Дарья Васильевна пугалась:
– Никак немым будет? Вот наказанье господне…
Нечаянно Гриц вдруг потерял охоту к еде, и долго не могли дознаться, какова причина его отказа от пищи, пока конюх не позвал однажды Дарью Васильевну в окошко:
– Эй, барыня! Гляди сама, кто сынка твово кормит…
На дворе усадьбы в тени лопухов лежала матерая сука, к ее сосцам приникли толстые щенятки; средь них и Гриц сосал усердно, даже урча, а собака, полизав щенят, заодно уж ласково облизывала и маленького дворянина…
Папенька изволил удивляться:
– Эва! Чую, пес вырастет, на цепи не удержишь…
Гриц еще долго обходился тремя словами – гули, пули и дули. На рассвете жизни напоминал он звереныша, который, насытившись, хочет играть, а наигравшись, засыпает там, где играл. Не раз нянька отмывала будущего «светлейшего» от присохшего навоза, в который он угодил, сладко опочив в коровнике или свинарнике. С раблезианской живостью ребенок поглощал дары садов и огородов, быстрее зайца изгрызал капустные кочерыжки, много и усердно пил квасов и молока, в погребах опустошал кадушки с огурцами и вареньями. Наевшись, любил бодаться с козлятами – лоб в лоб, как маленький античный сатир… Маменька кричала ему с крыльца:
– Оставь скотину в покое! Эвон оглобля брошена, поиграй-ка с оглоблей. Или телегу по двору покатай…
Ему было четыре года, когда он пропал. Дворня облазила все закоулки усадьбы, девок послали в лес «аукать», парни ныряли в реку, шарили руками по дну, а отчаянью Дарьи Васильевны не было предела. Опять беременная, с высоко вздернутым животом, она металась перед дедовскими черными иконами:
– Царица небесная, да на што он тебе? Верни сыночка…
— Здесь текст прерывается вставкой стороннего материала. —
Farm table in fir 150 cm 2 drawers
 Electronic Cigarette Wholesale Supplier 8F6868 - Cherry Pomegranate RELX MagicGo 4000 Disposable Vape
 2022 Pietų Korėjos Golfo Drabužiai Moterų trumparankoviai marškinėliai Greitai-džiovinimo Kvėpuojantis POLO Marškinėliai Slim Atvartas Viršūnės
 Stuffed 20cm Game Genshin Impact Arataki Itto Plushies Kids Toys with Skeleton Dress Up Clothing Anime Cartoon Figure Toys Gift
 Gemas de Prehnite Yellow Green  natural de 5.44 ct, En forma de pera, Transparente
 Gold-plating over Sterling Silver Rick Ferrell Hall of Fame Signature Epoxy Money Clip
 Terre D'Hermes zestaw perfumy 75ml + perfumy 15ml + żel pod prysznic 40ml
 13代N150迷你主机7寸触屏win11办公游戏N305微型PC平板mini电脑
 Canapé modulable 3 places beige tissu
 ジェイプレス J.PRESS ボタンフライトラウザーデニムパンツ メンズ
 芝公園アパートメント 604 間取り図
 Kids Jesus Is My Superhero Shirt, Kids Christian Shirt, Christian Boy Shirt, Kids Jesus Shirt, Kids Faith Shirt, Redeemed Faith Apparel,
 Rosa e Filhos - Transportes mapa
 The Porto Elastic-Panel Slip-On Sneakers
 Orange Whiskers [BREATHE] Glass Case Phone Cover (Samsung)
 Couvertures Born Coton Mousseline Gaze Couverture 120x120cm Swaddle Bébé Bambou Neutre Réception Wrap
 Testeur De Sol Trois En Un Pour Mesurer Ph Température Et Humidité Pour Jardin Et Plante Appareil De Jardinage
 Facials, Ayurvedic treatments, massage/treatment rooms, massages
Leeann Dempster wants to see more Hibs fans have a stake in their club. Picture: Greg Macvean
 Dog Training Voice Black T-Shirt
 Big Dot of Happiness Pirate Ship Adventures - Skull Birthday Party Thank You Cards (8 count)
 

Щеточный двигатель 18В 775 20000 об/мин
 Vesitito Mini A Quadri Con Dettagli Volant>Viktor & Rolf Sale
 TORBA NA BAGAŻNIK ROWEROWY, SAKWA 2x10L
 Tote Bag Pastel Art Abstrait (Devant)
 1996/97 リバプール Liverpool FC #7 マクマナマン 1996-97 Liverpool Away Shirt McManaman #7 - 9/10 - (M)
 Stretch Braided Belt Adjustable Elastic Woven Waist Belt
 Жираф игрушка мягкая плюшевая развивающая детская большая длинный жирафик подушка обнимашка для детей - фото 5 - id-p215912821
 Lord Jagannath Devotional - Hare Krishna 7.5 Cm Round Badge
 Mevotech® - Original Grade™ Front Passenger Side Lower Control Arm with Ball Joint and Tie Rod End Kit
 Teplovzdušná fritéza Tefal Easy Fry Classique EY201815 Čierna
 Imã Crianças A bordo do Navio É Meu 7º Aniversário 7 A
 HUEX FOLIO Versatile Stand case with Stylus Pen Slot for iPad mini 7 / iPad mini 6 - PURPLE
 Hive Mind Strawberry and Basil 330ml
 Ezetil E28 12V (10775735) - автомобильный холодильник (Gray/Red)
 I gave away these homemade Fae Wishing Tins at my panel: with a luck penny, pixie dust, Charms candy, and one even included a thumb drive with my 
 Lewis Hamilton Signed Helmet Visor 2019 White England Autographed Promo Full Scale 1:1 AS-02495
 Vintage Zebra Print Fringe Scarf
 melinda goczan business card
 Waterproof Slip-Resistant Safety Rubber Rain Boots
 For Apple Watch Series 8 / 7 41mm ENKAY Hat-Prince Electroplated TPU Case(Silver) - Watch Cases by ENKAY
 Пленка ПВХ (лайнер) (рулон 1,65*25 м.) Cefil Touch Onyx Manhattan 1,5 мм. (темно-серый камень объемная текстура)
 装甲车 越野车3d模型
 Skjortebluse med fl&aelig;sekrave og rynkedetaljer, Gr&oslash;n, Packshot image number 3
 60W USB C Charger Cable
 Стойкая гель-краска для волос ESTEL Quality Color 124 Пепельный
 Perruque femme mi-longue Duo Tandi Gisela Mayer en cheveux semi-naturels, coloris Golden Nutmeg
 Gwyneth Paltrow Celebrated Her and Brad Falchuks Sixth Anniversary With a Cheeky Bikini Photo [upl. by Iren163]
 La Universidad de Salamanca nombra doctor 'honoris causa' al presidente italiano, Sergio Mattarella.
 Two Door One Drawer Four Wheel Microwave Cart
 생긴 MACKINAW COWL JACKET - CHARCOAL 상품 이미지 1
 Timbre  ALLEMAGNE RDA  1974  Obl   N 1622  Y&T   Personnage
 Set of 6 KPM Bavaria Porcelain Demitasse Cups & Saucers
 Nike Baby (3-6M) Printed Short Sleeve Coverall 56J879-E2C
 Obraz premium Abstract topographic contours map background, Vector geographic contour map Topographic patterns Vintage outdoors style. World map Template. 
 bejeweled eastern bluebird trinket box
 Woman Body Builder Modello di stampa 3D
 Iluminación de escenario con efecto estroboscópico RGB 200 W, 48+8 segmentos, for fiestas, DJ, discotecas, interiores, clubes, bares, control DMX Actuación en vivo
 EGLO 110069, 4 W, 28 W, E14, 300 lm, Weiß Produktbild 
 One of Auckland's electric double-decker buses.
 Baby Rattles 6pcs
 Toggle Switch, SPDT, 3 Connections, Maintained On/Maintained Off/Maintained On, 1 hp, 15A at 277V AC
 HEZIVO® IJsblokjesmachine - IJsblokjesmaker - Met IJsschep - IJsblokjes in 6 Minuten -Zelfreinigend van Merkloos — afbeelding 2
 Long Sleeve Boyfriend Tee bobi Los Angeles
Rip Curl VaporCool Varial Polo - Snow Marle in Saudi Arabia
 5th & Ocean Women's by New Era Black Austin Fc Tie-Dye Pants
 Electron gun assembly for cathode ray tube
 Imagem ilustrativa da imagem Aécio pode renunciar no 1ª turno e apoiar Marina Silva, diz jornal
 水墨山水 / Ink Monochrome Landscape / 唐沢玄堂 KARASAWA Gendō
А пока его искали, мальчик терпеливо качался на верхушке старой березы, с любопытством взирая свысока на людскую суматоху. С той поры и повелось: большую часть дней Гриц проводил на деревьях, искусно прятался в гуще зелени. Там устраивал для себя гнезда, куда таскал с огородов репу, которую и хрупал, паря над землею на гибких и ломких сучьях.
Но говорить еще не умел! Наконец, словно по какому-то капризу природы, Гриц однажды утром выпалил без заминки:
– Сейчас на речку сбегаю да искупаюсь вволю, потом на кузню пойду глядеть, как дядька Герасим лошадей подковывает…
Ему было пять лет. Отец срезал в саду розги:
– Заговорил, слава те, господи! Ну, Дарья, оно и кстати: пришло время Грицу познать науки полезные…
* * *И появился пономарь с часословом и цифирью, которому от помещика было внушено, что за внедрение наук в малолетнего дворянина будет он взыскан мерою овса и пудом муки.
– А ежели сына мово не обучишь мудростям, – добавил майор Потемкин, – быть тебе от меня драну…
– На все воля господня, – отвечал пономарь, робея.
Взял он дощечку и опалил ее над огнем, чтобы дерево почернело. Мелком на доске показал Грицу, как белым по черному пишется. Началось ученье-мученье. Сколько ни бился пономарь, складам обучая, мальчик никак не мог освоить, почему изба – это не изба, а «ижица», «земля», «буки» и «аз».
– Изба-то – вон же она! – показывал на окошко.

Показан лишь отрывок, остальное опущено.